The article is lurid but thorough, describing the crime scene (the family was found “bound hand and foot and shot at close range”) and its investigation. The main figure in the story, Kansas Bureau of Investigation agent Alvin Dewey, had very little evidence to work with and still solved the crime.
But Shields’ detective work sussing out that Lee had written the article is equally as thorough and impressive. He was revising the biography about the author, Mockingbird: a Portrait of Harper Lee, he wrote a decade ago. He decided to look over Kansas newspapers for information about Lee he may have missed when he found a column in the Garden City Telegram written by a friend of Lee’s about a pair of writers coming to town to investigate the crime that said:
“The story of the work of the FBI in general and KBI Agent Al Dewey in particular on the Clutter murders will appear in Grapevine, the FBI’s publication.
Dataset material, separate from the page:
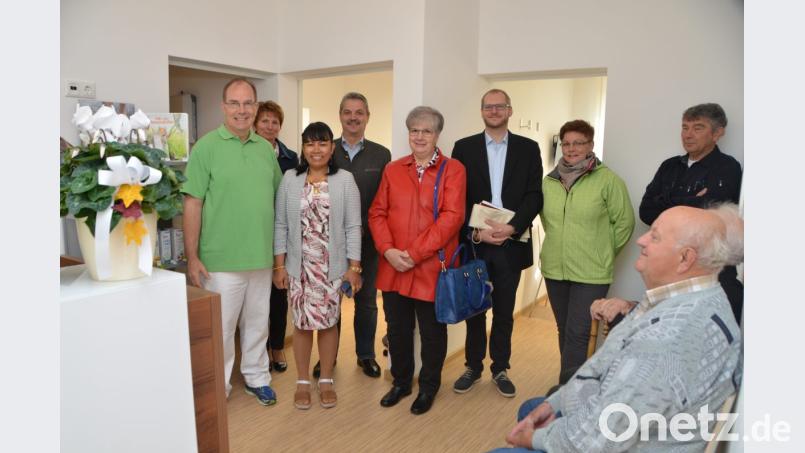 Siegfried Messer (links) unterzog sich in den vergangenen drei Jahren einer Podologie-Ausbildung in Erfurt und eröffnete nun im Ostweg 9, in seinem Eigenheim, eine Praxis. Podologin Denise Hildebrandt (rechts) unterstützt ihn dabei. Der frühere Kaplan Ambros Trummer (stehend, rechts), der heute Pfarrer In Lohberg/Lam ist, war bei der Einweihungsfeierlichkeit mit Kaplan Ulrich Eigendorf (stehend, Dritter von rechts) ebenfalls dabei. Bild: dob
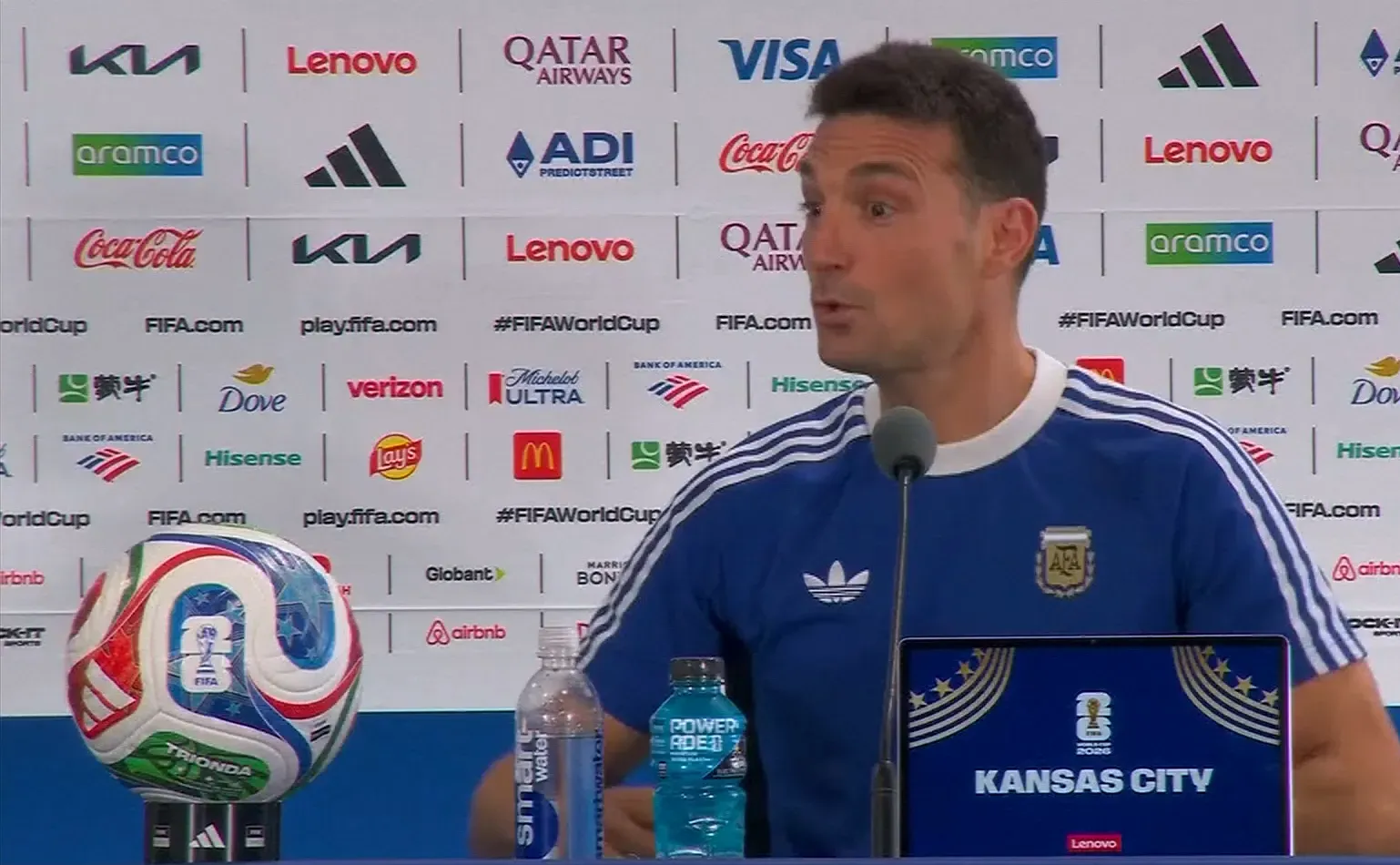Selecionador argentino surpreendido e emocionado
“Nelle Harper Lee, young writer who came to Garden City with Truman Capote to gather material for a New Yorker magazine article on the Clutter case, wrote the piece. Miss Harper’s first novel is due for publication … this spring and advance reports say it is bound to be a success.”
Shields set about confirming with the Grapevine which told him there had been a rumor circling for years that Lee had written something for the magazine, but no one knew what. Shields suggested that they search the February or March 1960 issues and “Lo and behold, in March 1960 is a … very well-written feature story about the Clutter case.” Shields says it was very much in fitting with Lee’s character to have written the article anonymously.
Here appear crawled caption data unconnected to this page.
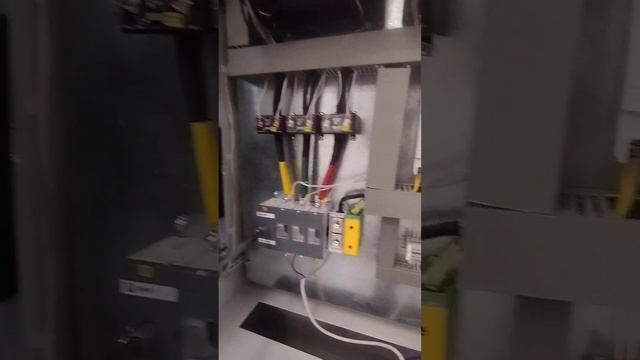 SE Pump Control Trio" - шкаф управления с тремя насосами (37 квт каждый) с контролером Grundfos. смотреть онлайн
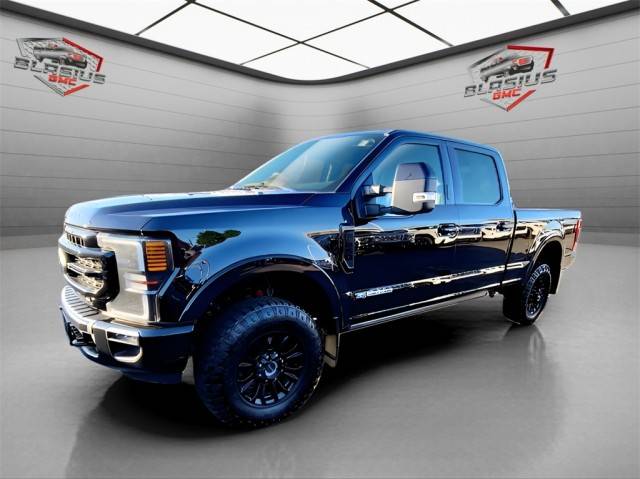 2022 Ford F-250 Super Duty LARIAT 4WD photo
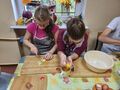 3. uczniowie kroją cebulę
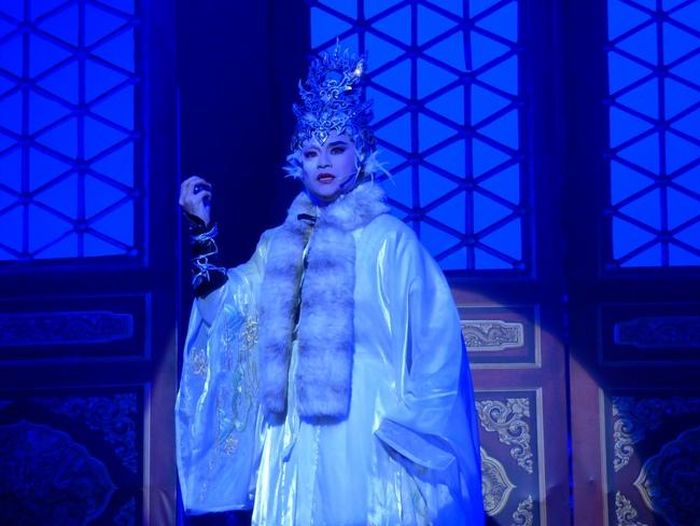Lê Nguyễn Trường Giang trong vai Cửu Vỹ Hồ. Ảnh: H.K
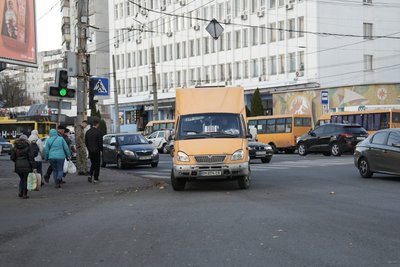 Тариф 20 грн на маршрутки у Сумах: чому підвищення не відбувається і що кажуть про це перевізники Тариф 20 грн на маршрутки у Сумах: чому підвищення не відбувається і що кажуть про це перевізники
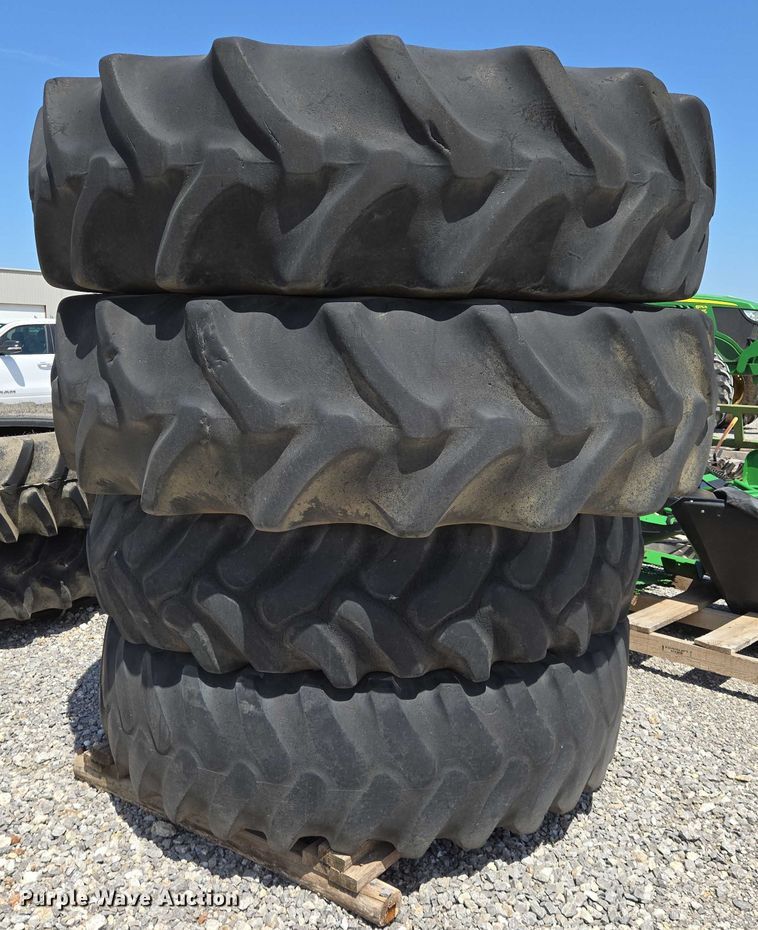 image for item EO0914 (4) Goodyear tires and wheels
There’s long been a (false) rumor that it was Truman Capote and not Lee who wrote To Kill A Mockingbird, possibly stemming from Capote downplaying Lee’s role in helping him while he worked on In Cold Blood. This is should put all that to rest.
The Grapevine announced that it would reprint Lee’s article next month. Shields said that there were other determining factors that lead him to the conclusion that Lee was the writer, such as details only she and Capote could have known. He also said that “it reads like a darned good feature story.” That new information will be included in the updated version of her biography Mockingbird: a Portrait of Harper Lee: From Scout to Go Set a Watchman, out today.